Hang Seng Under Pressure as Fears Mount Over China Slowdown

Hang Seng, China, China Slowdown, Federal Reserve – Talking Points

  • Hang Seng Index falls below the 50-day moving average as shares continue to slide
  • Fears over China’s economic slowdown continue to weigh on sentiment
  • Covid cases in mainland China cause school closures; local breakouts continue

Shares in Hong Kong remain under pressure as fears over China’s economic slowdown continue to plague near-term prospects. Equity markets in Hong Kong and the mainland came under pressure on Monday as Beijing halted classes at various schools due to rising COVID cases. China’s recent adoption of the “Covid Zero” plan has limited foreign visitors, and market participants are beginning to worry about the drag that the limited interaction may have on the economy. Over the last few weeks, various Chinese companies have highlighted Beijing’s coronavirus policies as the main impediment to strong quarterly performance.

Shares of the Hang Seng Index gave back gains of 1.9% to finish lower by 0.22% on Monday. The Hang Seng Tech Index, a subcomponent of the main index, gave back gains of 4% to close just 0.6% higher. Tech shares in Hong Kong have struggled over the last few months as Beijing has cracked down on education and gaming equities. With a significant divergence in the performance of US and Hong Kong based tech shares becoming apparent, opportunities may arise for traders in the form of a “catch-up” trade.

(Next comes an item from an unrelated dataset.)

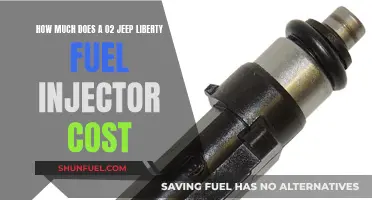 Fuel Injector Costs for Jeep Liberty: 2002 Edition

Hang Seng Index Daily Chart

Chart created with TradingView

Market participants will now likely look to central bank policy as a determinant of near-term sentiment. Wednesday will see the Federal Reserve interest rate decision, with the potential announcement of a taper of asset purchases. With the US set to begin normalizing policy, the PBOC may have to remain flexible with its policy approach, given the slew of headwinds facing the country. Stress in the property sector, energy shortages, and buoyant commodity prices have hampered economic activity of late. These headwinds have placed the region’s major indices under pressure of late and may continue to do so unless pressures begin to alleviate.